Source data START

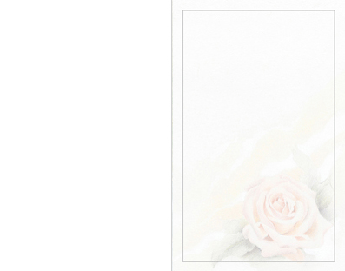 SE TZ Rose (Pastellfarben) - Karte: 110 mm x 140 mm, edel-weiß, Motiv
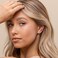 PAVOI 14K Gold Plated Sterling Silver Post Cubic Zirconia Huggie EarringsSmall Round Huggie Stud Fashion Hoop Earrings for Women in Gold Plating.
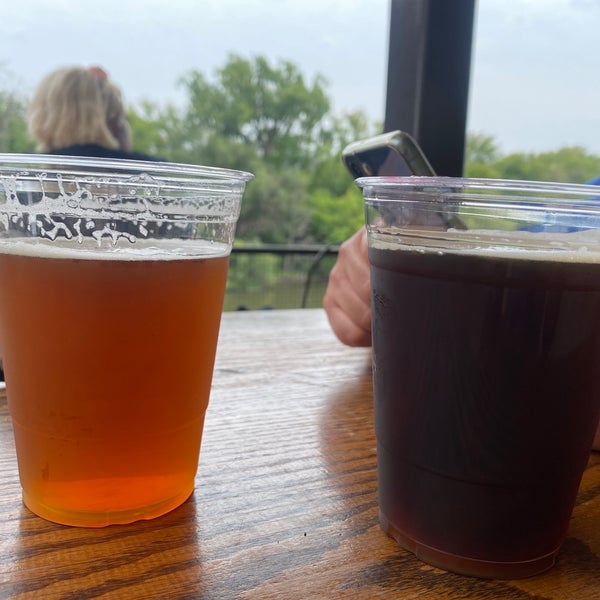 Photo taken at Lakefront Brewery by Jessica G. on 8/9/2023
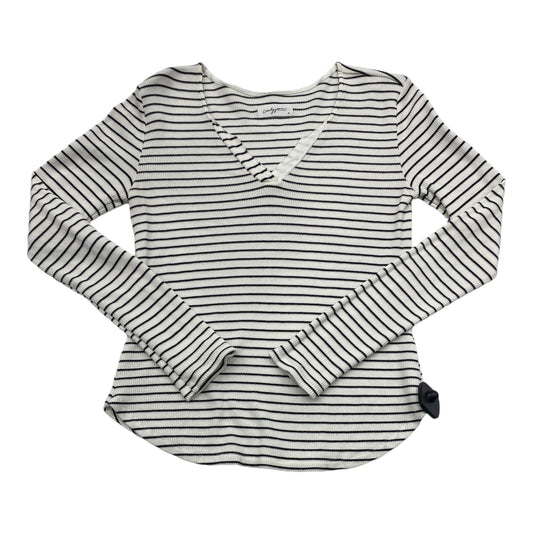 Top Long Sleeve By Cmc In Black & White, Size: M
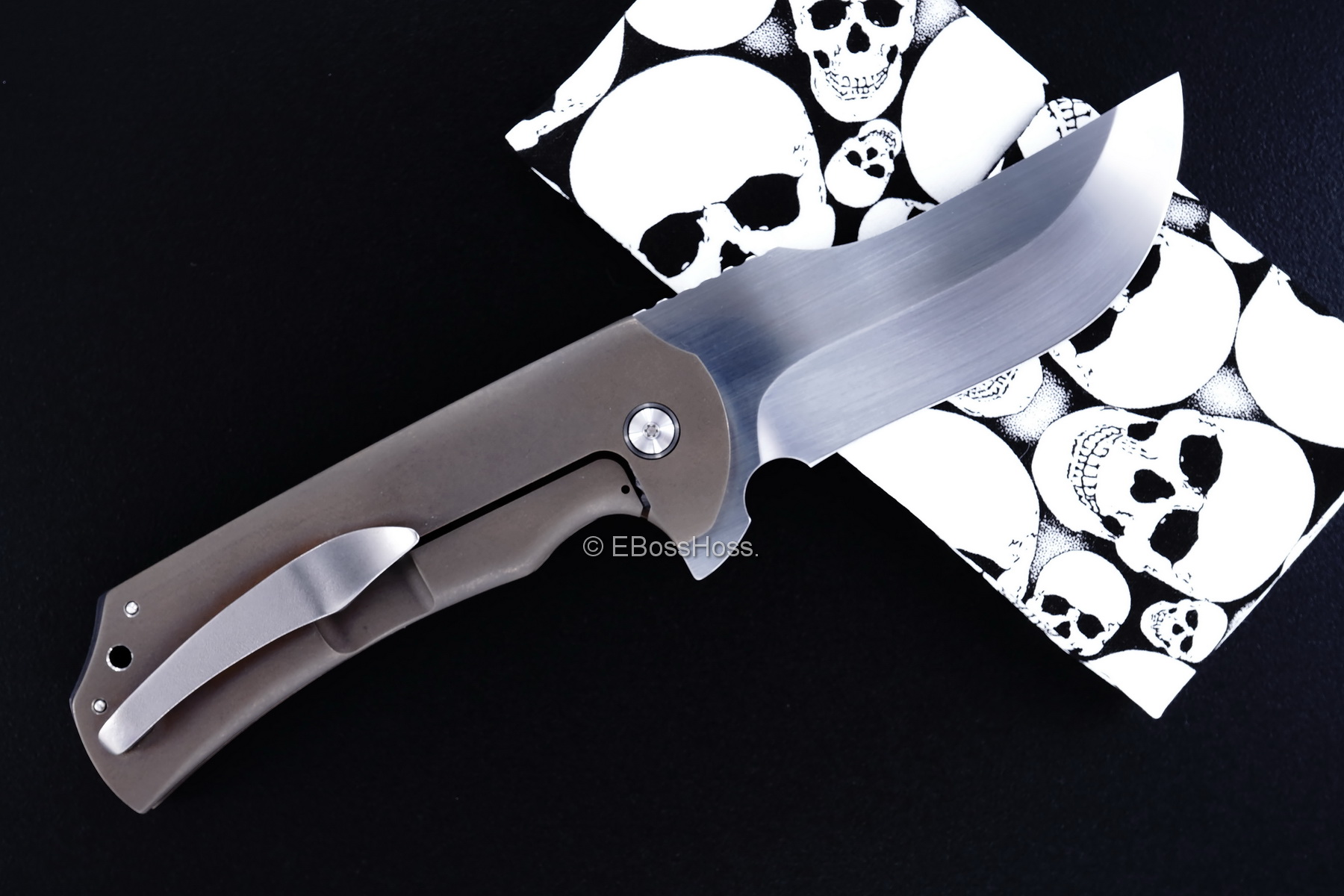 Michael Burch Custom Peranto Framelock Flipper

Source data END

Set down exactly, and only, the lines from the one holding "Top Long Sleeve" to the end of the records above, leaving every picture out.

- Output of the exercise
 Top Long Sleeve By Cmc In Black & White, Size: M
 Michael Burch Custom Peranto Framelock Flipper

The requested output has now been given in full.